The proposed e-commerce policy drafted by the Commerce Ministry is likely to see a number of changes with the Prime Minister’s Office (PMO) stepping in to take on board concerns raised by sections of the industry, as well as the government.

The PMO, which convened a meeting of senior officials from key Ministries and Departments including Commerce, Industry, Consumer Affairs, IT, Finance and also the NITI Aayog last week, is now likely to keep a keen eye as the Commerce Ministry incorporates changes in the draft, a government official told BusinessLine .

“Many sections in the government, including the IT Ministry, the Consumer Affairs Ministry, the Finance Ministry and also the NITI Aayog, have raised certain objections to some proposals in the first draft. The PMO will have a say on how valid these objections are and the changes that are to be made,” the official said.

NITI Aayog CEO Amitabh Kant said in an interaction with the media last week that the government should not get into the market by looking at micro issues of discounts and pricing. The suggestion made in the draft e-commerce policy, of introducing a sunset clause for offering deep discounts to customers, has also not gone down well with many big players such as Amazon and Flipkart.

“The idea behind checking deep discounts online was to ensure a level playing field for brick-and-mortar companies that may not have enough resources to support such discounts. If there are different views on the matter, one could always discuss it,” another official said.

Measured stance

The PMO is expected to take a measured stance on the issue. While it is keen to attract FDI, it also has to keep the interest of traders in mind, especially as protecting their interest was part of the BJP government’s poll promise in the last elections.

The proposal that restrictions on e-commerce marketplace to not directly or indirectly influence the sale price of goods and services, should be extended to group companies of the e-commerce marketplace, is also a bone of contention for many.

Another controversial suggestion is allowing foreign equity up to 49 per cent in a limited inventory-based B2C model. Although a caveat that the platforms should be controlled by Indian management has also been proposed, the domestic industry has opposed the suggestion on the ground that it contradicts the government’s stated intent to strengthen Press Note 3, which bars any foreign direct investment in inventory-based online retail.

The IT industry, on the other hand, is dealing with complaints from industry bodies which have objected to data localisation proposals which state that the data generated by users in India from various sources, including e-commerce platforms, social media and search engines, should be stored exclusively in India and a framework must be developed for sharing the data within the country.

“It is very clear that changes have to be brought about in the first draft of the proposed e-commerce policy before it is put up on the web-site for comments from stakeholders. Commerce Minister Suresh Prabhu had suggested another round of stakeholder consultations on the draft before it is put up. One has to see how soon it can be done,” the first official said.
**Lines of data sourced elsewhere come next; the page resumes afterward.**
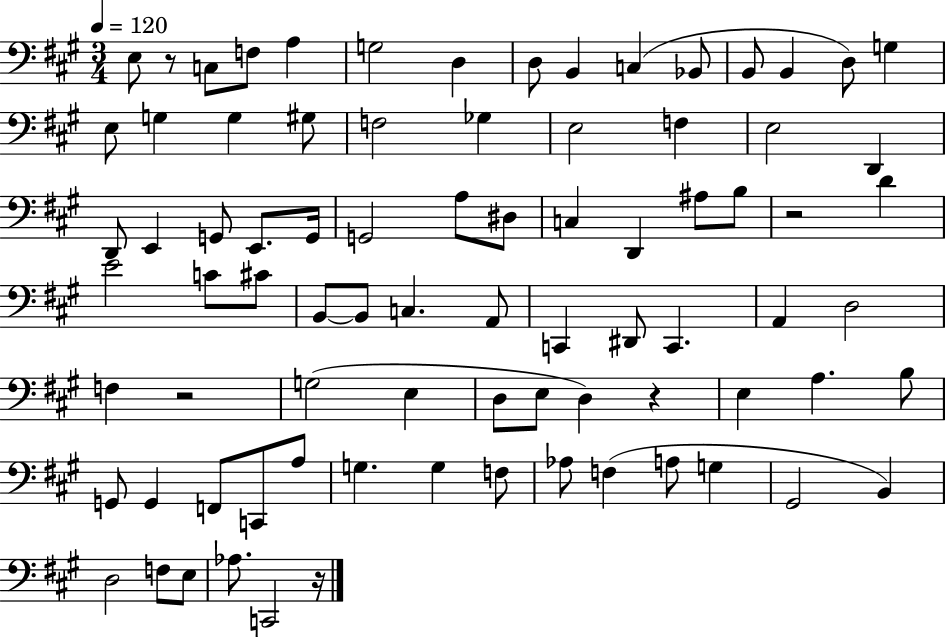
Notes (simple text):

E3/e R/e C3/e F3/e A3/q G3/h D3/q D3/e B2/q C3/q Bb2/e B2/e B2/q D3/e G3/q E3/e G3/q G3/q G#3/e F3/h Gb3/q E3/h F3/q E3/h D2/q D2/e E2/q G2/e E2/e. G2/s G2/h A3/e D#3/e C3/q D2/q A#3/e B3/e R/h D4/q E4/h C4/e C#4/e B2/e B2/e C3/q. A2/e C2/q D#2/e C2/q. A2/q D3/h F3/q R/h G3/h E3/q D3/e E3/e D3/q R/q E3/q A3/q. B3/e G2/e G2/q F2/e C2/e A3/e G3/q. G3/q F3/e Ab3/e F3/q A3/e G3/q G#2/h B2/q D3/h F3/e E3/e Ab3/e. C2/h R/s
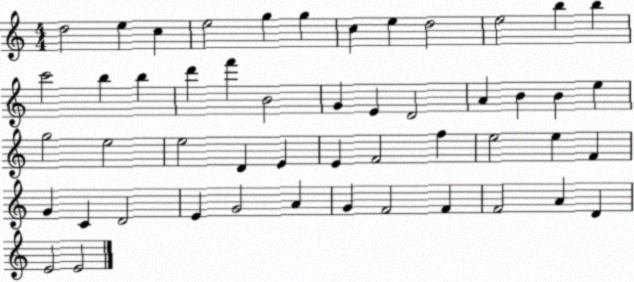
X:1
T:Untitled
M:4/4
L:1/4
K:C
d2 e c e2 g g c e d2 e2 b b c'2 b b d' f' B2 G E D2 A B B e g2 e2 e2 D E E F2 f e2 e F G C D2 E G2 A G F2 F F2 A D E2 E2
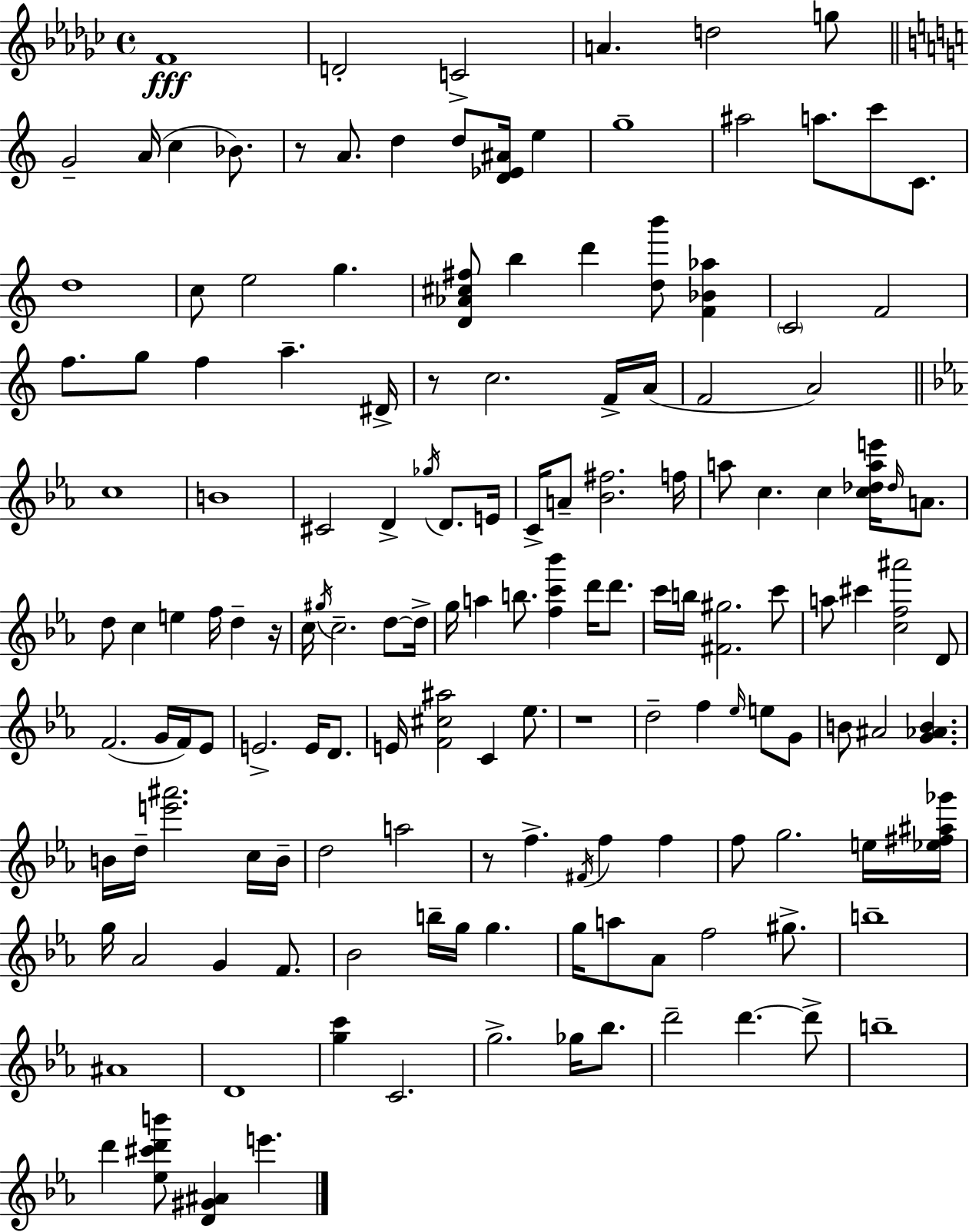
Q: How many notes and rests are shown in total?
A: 150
Interestingly, the first draft was made by the taskforce on e-commerce which had representations from several key Ministries and Departments.

“The concerns which remain despite most Ministries having a say in the policy draft is a reflection of how sensitive e-commerce is,” the official said.

Fastest growing market

India’s e-commerce market, currently valued at about $27 billion, is one of the fastest growing in the world. The Commerce Ministry was given the responsibility of framing a comprehensive e-commerce policy as it was facing intense pressure to get into negotiations to liberalise the sector at various bilateral and regional forums and the World Trade Organisation.